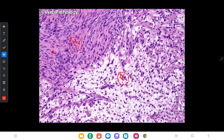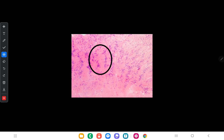The hypercellular Antoni A area is more cellular and composed of compact spindle-shaped cells arranged as short fascicles. In some areas of the Antoni A area you can see Verocay body-like structures, showing nuclear palisade appearance with normal cytoplasm in between. A Verocay body is a structure formed by two rows of palisaded nuclei separated by an oval mass of pinkish cytoplasm.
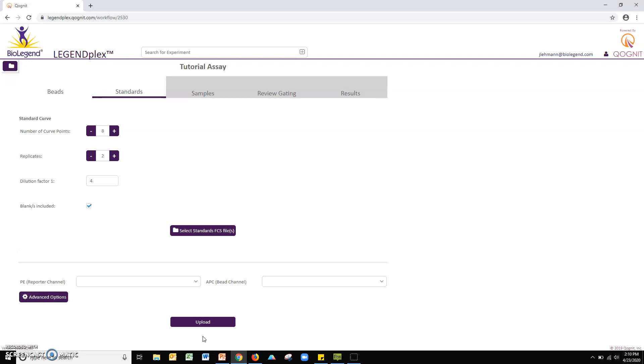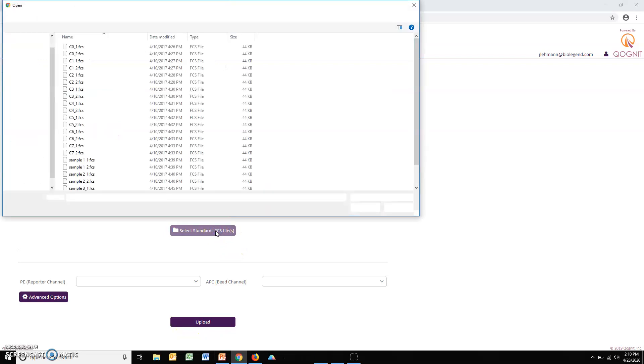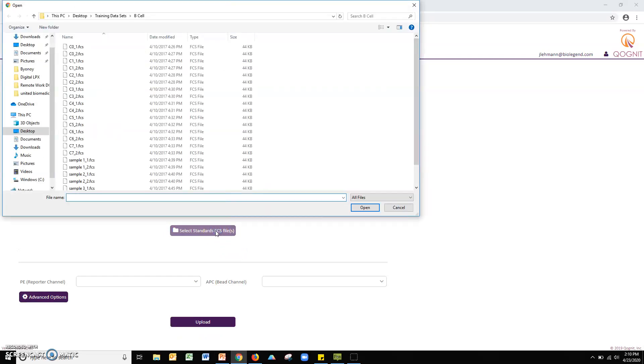Click the select standards FCS files button. Navigate to the appropriate folder on your computer and then select all standard curve files from your assay and click open.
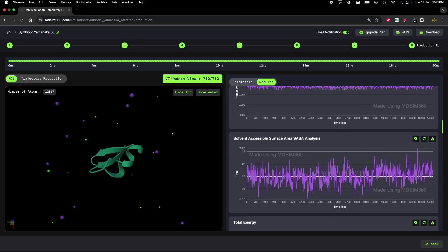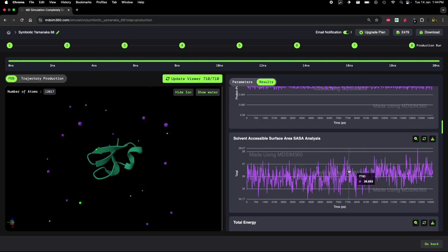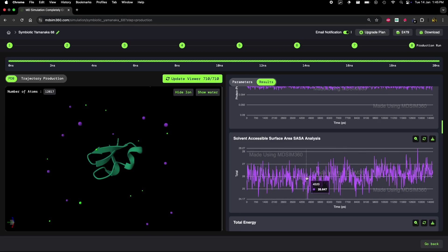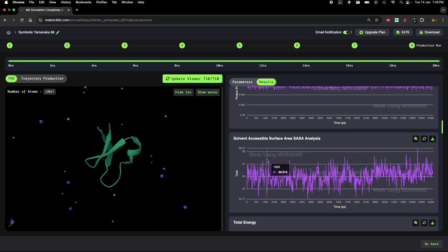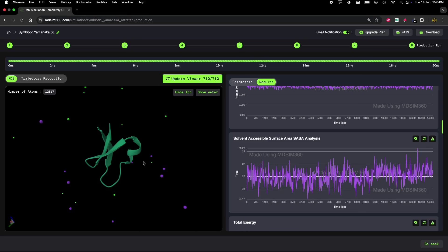Finally, we have the Solvent Accessible Surface Area analysis. SASA tells us how much of the protein's surface is exposed to the solvent. If the protein is stable and folded tightly, we'd expect a smaller SASA. However, as the protein begins to unfold, more of its surface area becomes accessible to the solvent. In this simulation, we see a small increase in SASA, suggesting that the protein is starting to unfold and exposing more of its surface to the surrounding solvent molecules.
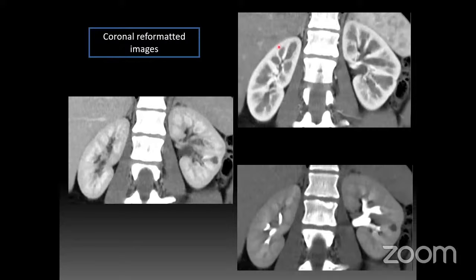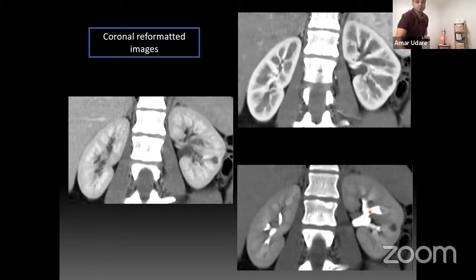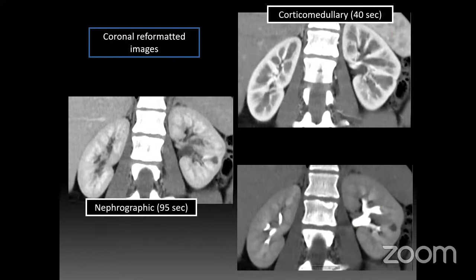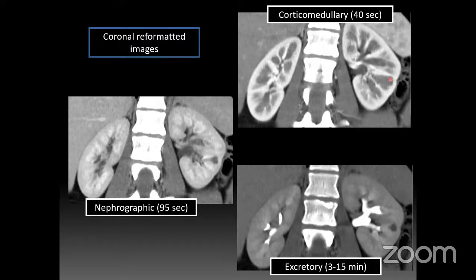On the cortical medullary phase, you can nicely see the cortex and the non-enhancing medullary pyramids, which subsequently enhance on the nephrographic phase. There's a faint papillary blush on the nephrographic phase, which is normal — sometimes more robust in younger patients getting a high volume of contrast. Once nephrographic enhancement proceeds into the calyces, you get the excretory phase. A small hypodensity that can be missed on the cortical medullary phase becomes more apparent on the nephrographic phase — in this case, just a cyst.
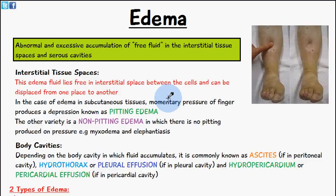So the definition of an edema is an abnormal and excessive accumulation of free fluid in the interstitial tissue spaces and serous cavities. When we have this accumulation of fluid in the interstitial tissue spaces, it's usually between the cells.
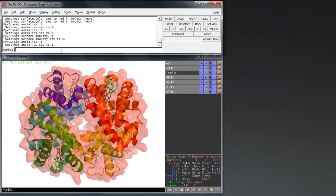We are now going to render an image of our protein using ray tracing. This is a powerful tool which allows users to make journal quality images. Set the camera as you wish and enter the command ray width comma height.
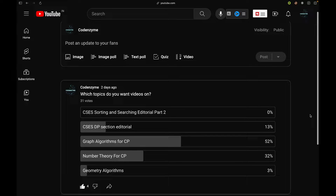Hello everyone, welcome to Code Enzyme. In this video I will be starting a new series on graph algorithms for competitive programming. Two days ago I posted a community poll on what topics you want videos on, and the majority voted for graph algorithms, so I decided I will make a series on it.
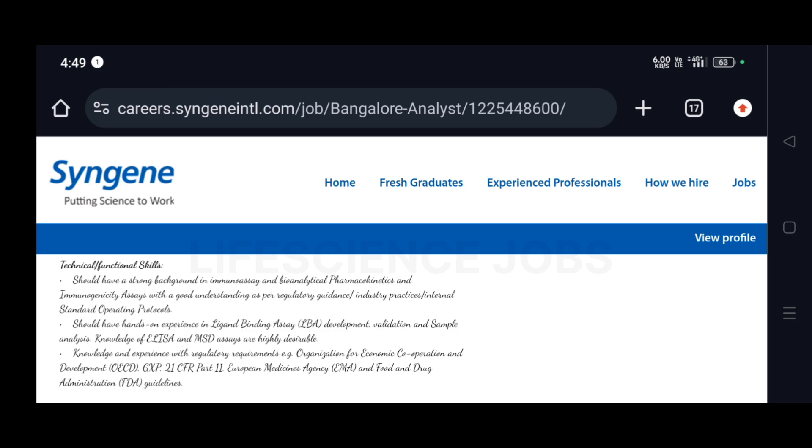Should have hands-on experience in ligand binding assay development, validation, and sample analysis. Knowledge of ELISA and MSD assays are highly desirable. So if you have knowledge on ELISA and MSD, you will be given preference and you will be shortlisted first.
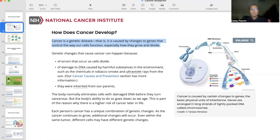They talk about genetic changes occurring because of three major things: errors that occur as cells divide, DNA damage by harmful substances in the environment such as chemicals, tobacco smoke, and ultraviolet rays from the sun, and inherited genes or genetic disorders. I wanted to highlight the carcinogens they give as examples — one being tobacco smoke, which we know causes a variety of cancers.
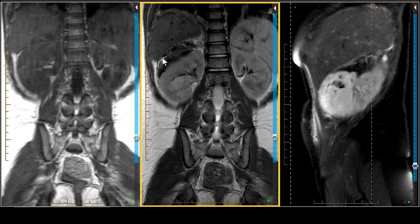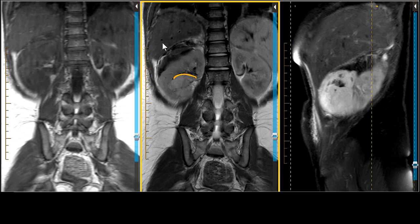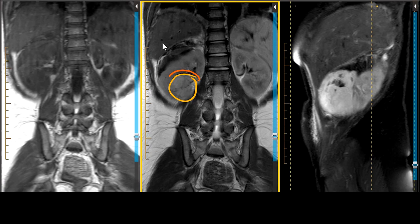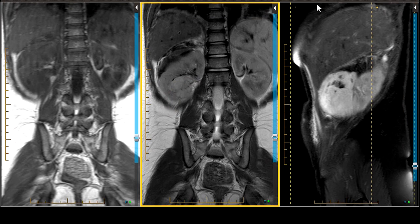When looking at a mass arising from the kidney, the claw sign is helpful. You have a mass here, and the kidney is seen as a claw wrapping around the mass — and we do have that here. There's our claw, which also favors this as a primary renal mass. Note that Wilms tumor can rarely arise in extra-adrenal sites, so identifying the site of origin is fundamental to building an appropriate differential diagnosis.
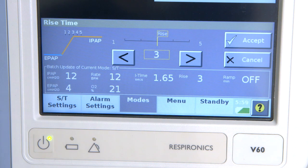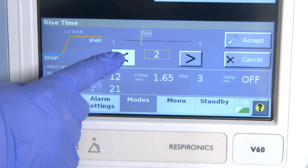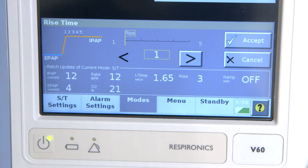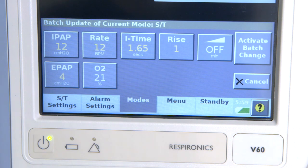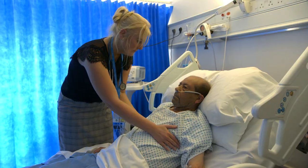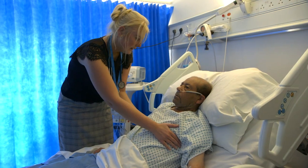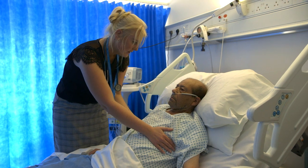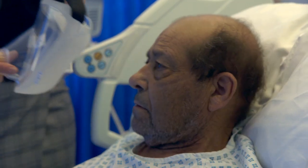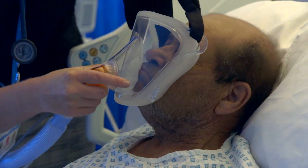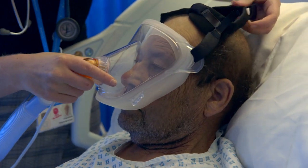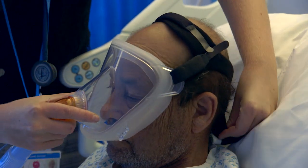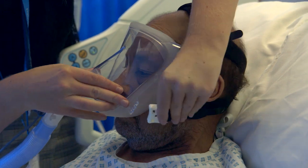The next setting is the rise time — this is how quickly we are delivering the breaths. The rise time ranges from 1 to 5, where 1 is a quick rate and 5 is slow. When setting the rise time, we tend to start at a faster rise time around 1 to 2, because patients tend to have a higher work of breathing when they initially start on NIV. Once the patient is settled on NIV, you may need to change the rise time.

•••••

Give every line above again exactly, omitting whatever pictures appear.

■ Answer section ■
The hypercellular Antoni A area is more cellular and composed of compact spindle-shaped cells arranged as short fascicles. In some areas of the Antoni A area you can see Verocay body-like structures, showing nuclear palisade appearance with normal cytoplasm in between. A Verocay body is a structure formed by two rows of palisaded nuclei separated by an oval mass of pinkish cytoplasm.
Click the select standards FCS files button. Navigate to the appropriate folder on your computer and then select all standard curve files from your assay and click open.
Finally, we have the Solvent Accessible Surface Area analysis. SASA tells us how much of the protein's surface is exposed to the solvent. If the protein is stable and folded tightly, we'd expect a smaller SASA. However, as the protein begins to unfold, more of its surface area becomes accessible to the solvent. In this simulation, we see a small increase in SASA, suggesting that the protein is starting to unfold and exposing more of its surface to the surrounding solvent molecules.
On the cortical medullary phase, you can nicely see the cortex and the non-enhancing medullary pyramids, which subsequently enhance on the nephrographic phase. There's a faint papillary blush on the nephrographic phase, which is normal — sometimes more robust in younger patients getting a high volume of contrast. Once nephrographic enhancement proceeds into the calyces, you get the excretory phase. A small hypodensity that can be missed on the cortical medullary phase becomes more apparent on the nephrographic phase — in this case, just a cyst.
So the definition of an edema is an abnormal and excessive accumulation of free fluid in the interstitial tissue spaces and serous cavities. When we have this accumulation of fluid in the interstitial tissue spaces, it's usually between the cells.
We are now going to render an image of our protein using ray tracing. This is a powerful tool which allows users to make journal quality images. Set the camera as you wish and enter the command ray width comma height.
Hello everyone, welcome to Code Enzyme. In this video I will be starting a new series on graph algorithms for competitive programming. Two days ago I posted a community poll on what topics you want videos on, and the majority voted for graph algorithms, so I decided I will make a series on it.
Should have hands-on experience in ligand binding assay development, validation, and sample analysis. Knowledge of ELISA and MSD assays are highly desirable. So if you have knowledge on ELISA and MSD, you will be given preference and you will be shortlisted first.
They talk about genetic changes occurring because of three major things: errors that occur as cells divide, DNA damage by harmful substances in the environment such as chemicals, tobacco smoke, and ultraviolet rays from the sun, and inherited genes or genetic disorders. I wanted to highlight the carcinogens they give as examples — one being tobacco smoke, which we know causes a variety of cancers.
When looking at a mass arising from the kidney, the claw sign is helpful. You have a mass here, and the kidney is seen as a claw wrapping around the mass — and we do have that here. There's our claw, which also favors this as a primary renal mass. Note that Wilms tumor can rarely arise in extra-adrenal sites, so identifying the site of origin is fundamental to building an appropriate differential diagnosis.
The next setting is the rise time — this is how quickly we are delivering the breaths. The rise time ranges from 1 to 5, where 1 is a quick rate and 5 is slow. When setting the rise time, we tend to start at a faster rise time around 1 to 2, because patients tend to have a higher work of breathing when they initially start on NIV. Once the patient is settled on NIV, you may need to change the rise time.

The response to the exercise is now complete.